How to Choose the Right Primary Metric For your Business – And How These Metrics Apply to PPC

When you start a company, you generally have a vision of where you want it to go, or how you want it to be. Having this vision allows you to make decisions quickly, knowing that it will either move you towards your vision or away from it. A primary metric is your Polaris (North Star) – the one single metric that will move your business towards your vision. Sometimes you’ll choose revenue, sometimes profit. Or, maybe you will find that cost-per-acquisition is more relevant. Or, in some cases, focusing on the number of sales as opposed to the value behind them can be more beneficial. But we’re getting a bit ahead of ourselves here. Let’s back up a bit.

What Is A Business Metric?

A business metric is a way to track and measure the status of different areas of your business and should be employed to address key audiences surrounding your business, such as:

  • Investors
  • Customers
  • Employees
  • Executives
  • Middle managers

In fact, every area of your business has specific performance metrics that need to be monitored. For example, your marketing team would track marketing and social media metrics, such as campaign and program statistics. Meanwhile, your sales team monitors sales performance metrics such as new opportunities and leads, and executives keep track of big picture financial metrics.

What’s the Difference Between Business Metrics and KPI?

Business metrics are used to track all areas of a business, while Key Performance Indicators (KPIs) target critical areas of performance. For example, a particular metric may monitor your website traffic, but a KPI would monitor how website traffic contributed to incremental sales.

Why It’s Crucial to Choose the Right Metric

When you focus on one metric, the others will be less in your control. So, choosing the right metric at the right time can optimize your spend on marketing efforts (PPC). Furthermore, understanding your primary metric will help you and your marketing team or agency make better decisions. But how do you know what to choose?

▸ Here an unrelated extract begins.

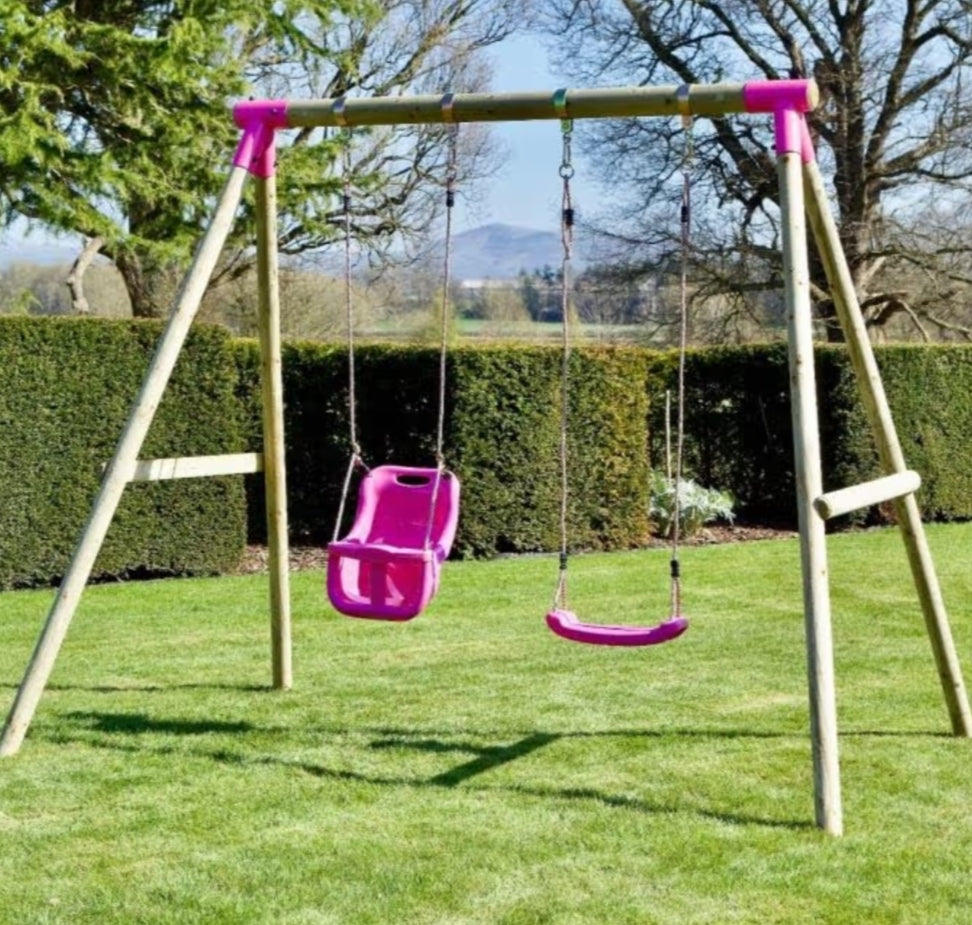 Children's Wooden Garden Swing Set -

Tips for Choosing the Right Metric


Determine the Context and Your Governing Objective

A clear objective is an essential component of the success of any business as it helps guide the distribution of capital. Creating economic value is a common governing objective for businesses operating in a free market system. However, other companies may choose a different objective, such as increasing longevity.

Identify Both Lagging and Leading Performance Indicators

The key difference between lagging and leading indicators essentially all comes down to knowing how well you did, compared to how well you are doing. And while one isn’t necessarily better than the other, you have to be aware of the differences between the two.

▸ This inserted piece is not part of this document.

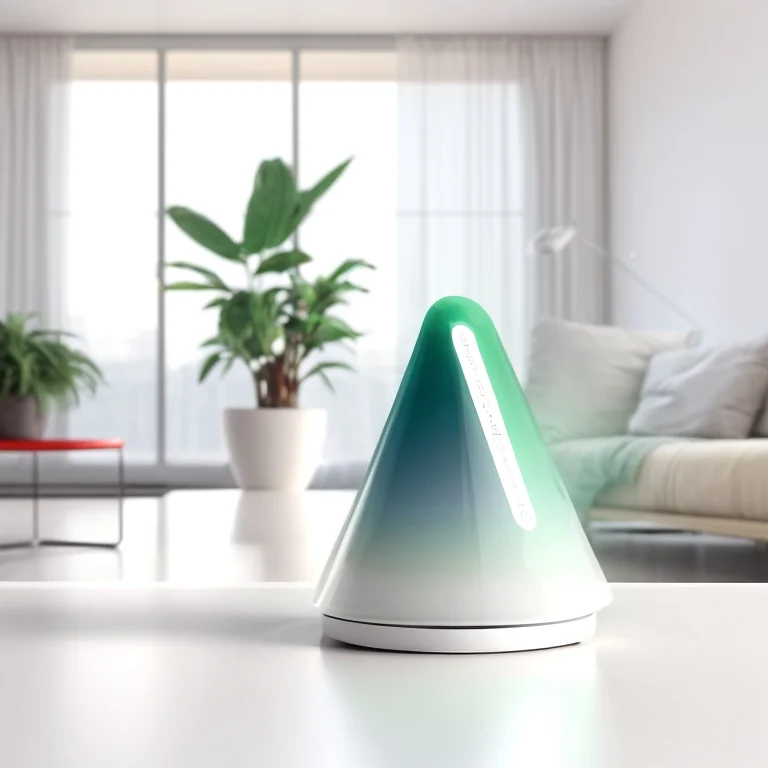 dustwiseai Sensor in modernem Wohnzimmer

Consider Your Company’s Stage of Growth

Depending on what stage your company is in and how quickly it’s growing, certain metrics will have more importance to you than others. Companies still in the early stages often focus on metrics that relate to business model validation. Meanwhile, more established businesses will focus on metrics such as cost per acquisition and customer lifetime value.

Evaluate Statistics

It’s important to regularly re-evaluate what measures you are using to connect employee activities with your governing objective. The drivers of value inevitably change over time. Therefore, your statistics have changed, as well. Companies often have an endless amount of statistics at their disposal that can be used to help improve their performance. So why not take advantage of this? In the past, companies could get away with not capitalizing on this resource. But nowadays, identifying them and using them to your advantage is absolutely necessary in order to get a leg up on the competition.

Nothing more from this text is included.